What is being asked:
Restate the listing below exactly, images excluded.

Collected data:
□ □ □ □

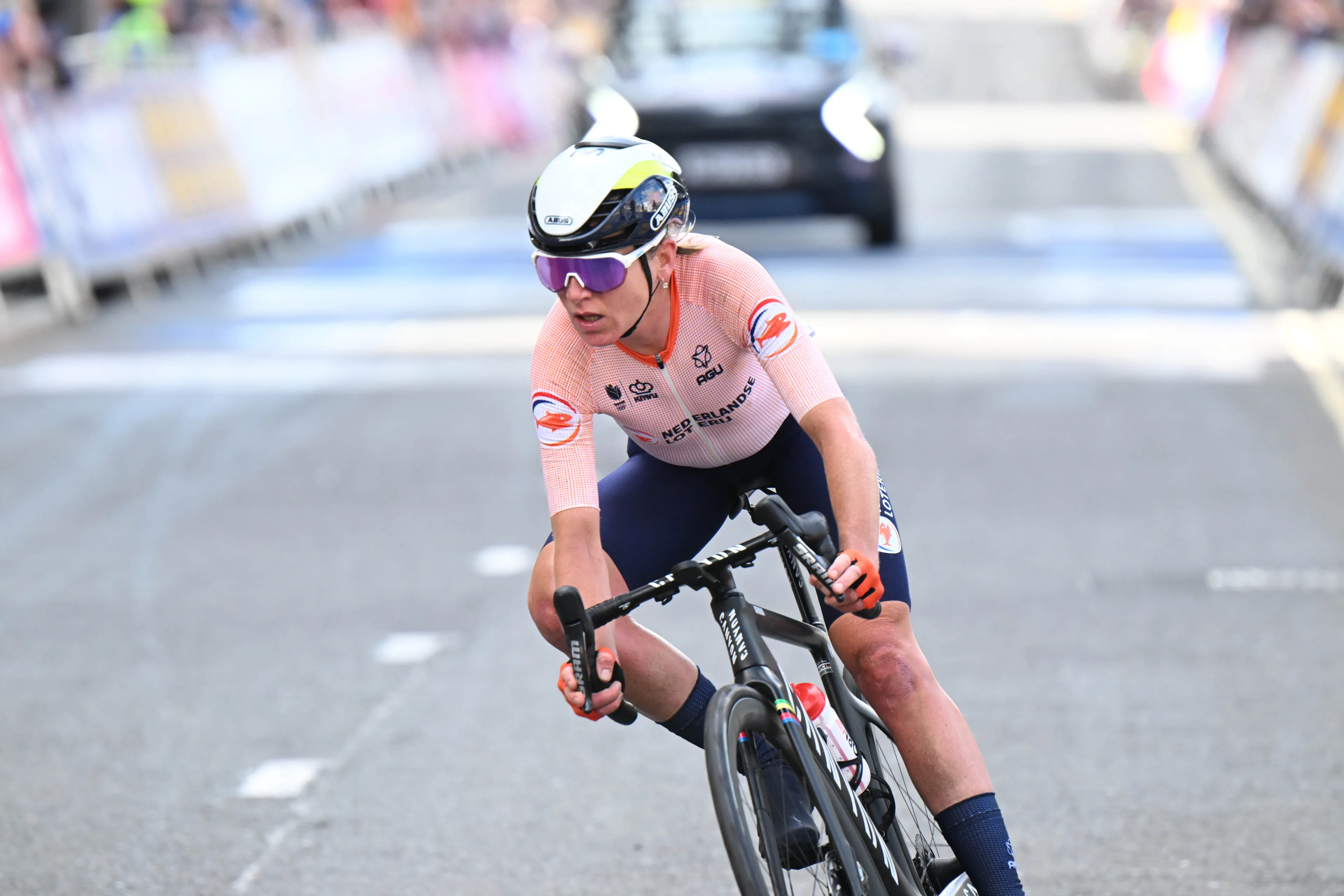 Van Vleuten relativeert dubbele pech met kippenvelmoment: 'Zoals mijn hele carrière: accept, adapt en move on'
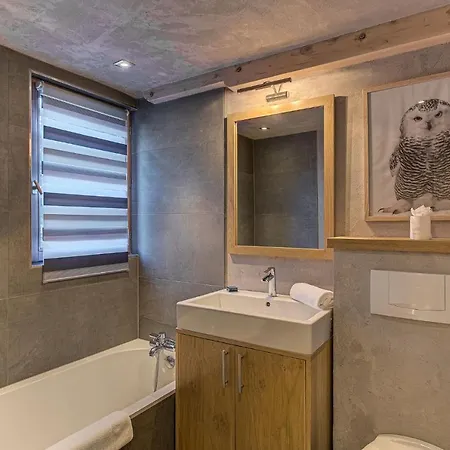 D'olivier, Alpes Agency, Les Praz, Chamonix, Sleeps 8 シャレー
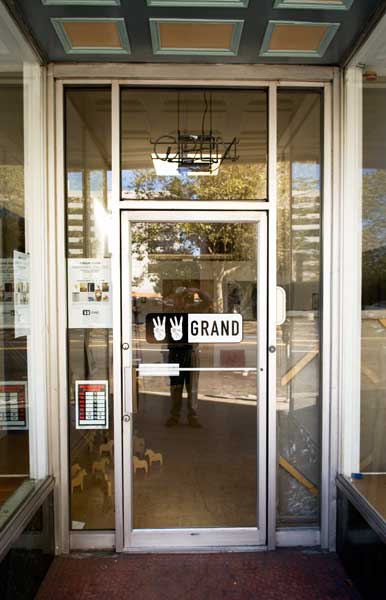 An art gallery in Oakland (Nikon D2x)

□ □ □ □

Task result:
 Van Vleuten relativeert dubbele pech met kippenvelmoment: 'Zoals mijn hele carrière: accept, adapt en move on'
 D'olivier, Alpes Agency, Les Praz, Chamonix, Sleeps 8 シャレー
 An art gallery in Oakland (Nikon D2x)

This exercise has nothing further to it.